Phillips, whose position was funded by the Oregon State Legislature, said his immediate goal is to pinpoint the needs of individual communities and to identify and connect resources offered by Extension and other organizations to meet those needs. Strategies include a website, seminars, publications and community meetings.

“There is a lot of information out there,” he said. “It’s a matter of getting it into people’s hands and helping them figure out how to use the resources to be successful.”

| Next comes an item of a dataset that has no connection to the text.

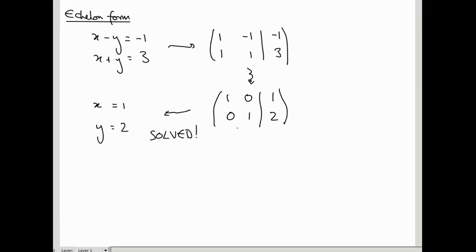So if you reach a point with your row operations where the matrix to the left of the vertical bar is the identity, then you've solved your system of equations. But you can't always do that, and the aim of this lecture is to see what we should aim for instead of the identity.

Phillips will also be working to bring community college and OSU students on board as interns, a step he sees as a vital part of Extension’s mission to increase destination development and improve educational opportunities. He will collaborate with the OSU’s College of Business’s new program in hospitality management as well as the outdoor recreation leadership and tourism program in OSU’s College of Forestry.

“As Oregon’s land grant university, OSU has a long history of serving the state’s rural and urban communities,” said Scott Reed, vice provost for University Outreach and Engagement. “Our new South Coast Extension tourism and business development position is a prime example of our commitment to expand and mobilize the resources of the university to have a sustainable, positive impact on the economic vitality of the region and beyond.”

Jim Seeley, executive director of Wild Rivers Coast Alliance, said Phillips’ appointment comes at a crucial time when four tourism initiatives are underway in the area. They include a tourism work group that’s funded by WRCA and Coos County, and an upcoming rural tourism studio training program on the south coast offered by Travel Oregon.

“Miles, who has a long and distinguished career in the education area of nature-based tourism, will be part of these and other ongoing efforts to help strategize the best approach to accomplishing our objectives,” Seeley said. “That’s what makes him so significant. We’ve got these four trains heading into the station and now OSU enters the station and that’s the biggest train of all.”